Monday, Jan. 17, 1955
Death in the Family
Until last July 4, life was good to Ethel Niles Sheppard. A schoolteacher from Paris, Ill., she married an osteopath in 1915, worked hard to help him start a hospital near Cleveland, even washed the hospital linen herself. Her three sons also became osteopaths, and her family flourished until the wife of her youngest son Sam was murdered last July 4. In August Sam Sheppard was arrested at his mother's home after dinner (she had served his favorite dessert, cherry pie), and she never saw him again.
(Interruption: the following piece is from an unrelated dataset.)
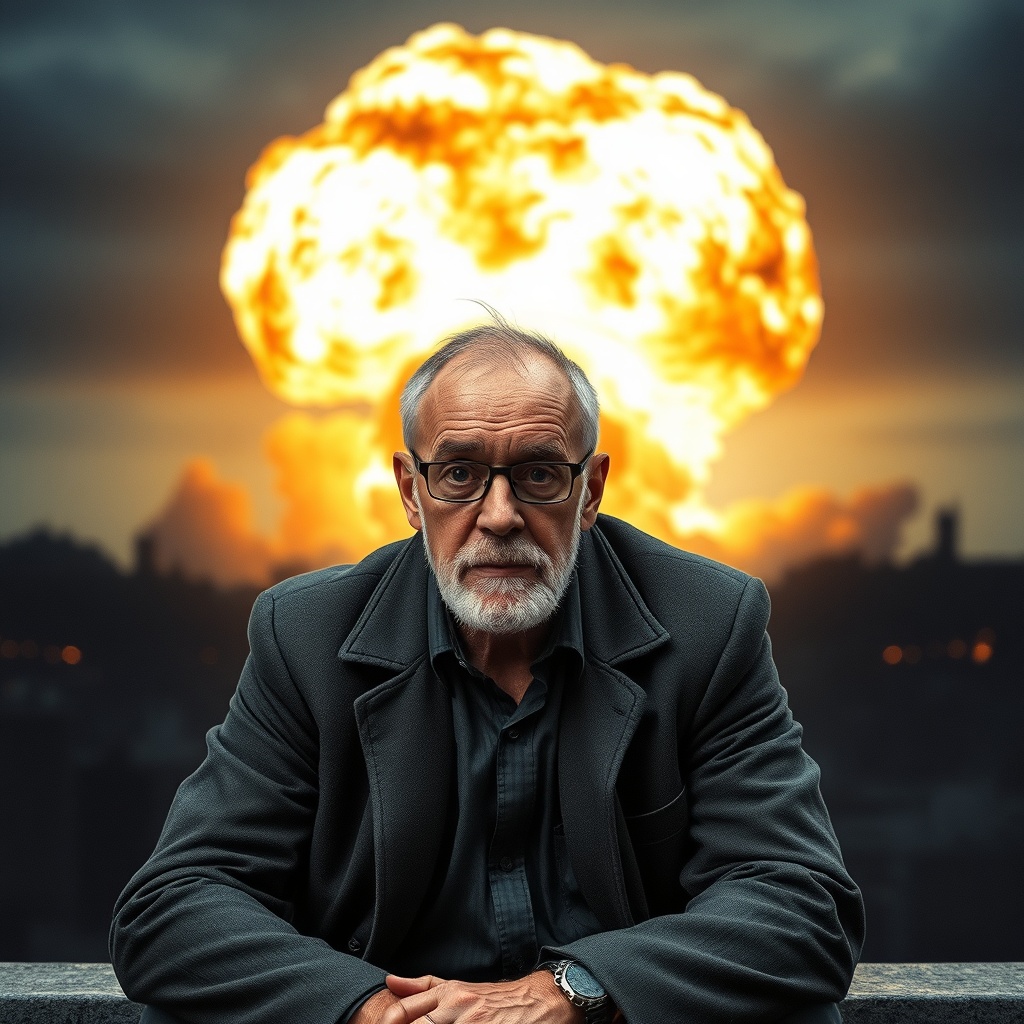 AI generated image by FLUX.1-schnell: Ein Mann, 51 Jahre alt, der auf einer Bank sitzt, Kopf gesenkt, stark tätowiert. Im Hintergrund ist eine Atomexplosion zu sehen.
Ethel Sheppard stayed away from her son's trial for murder and read no news accounts. Instead, she heard daily reports from members of her family. She could not help seeing, sometimes, disturbing headlines. During the trial she suffered a slight stroke, was hospitalized twice. She believed in Sam's innocence, wrote him many notes, sometimes talked with him over the prison phone. She sent him inspirational reading, including a booklet called How to Achieve Poise.
Last month her husband, Dr. Richard Sheppard, ailing with pleurisy, went to the hospital. Just before Christmas, Sam was convicted of murder. One day last week Ethel Niles Sheppard, white-haired and handsome at 64, locked herself in her bedroom and fired a bullet from a .38 caliber revolver into her brain. She left a note to her son Stephen, with whom she was staying: "I can't manage without Dad. Thanks for everything. -Mother." By court order Sam Sheppard was granted the privilege -unusual for a convict -of attending his mother's funeral.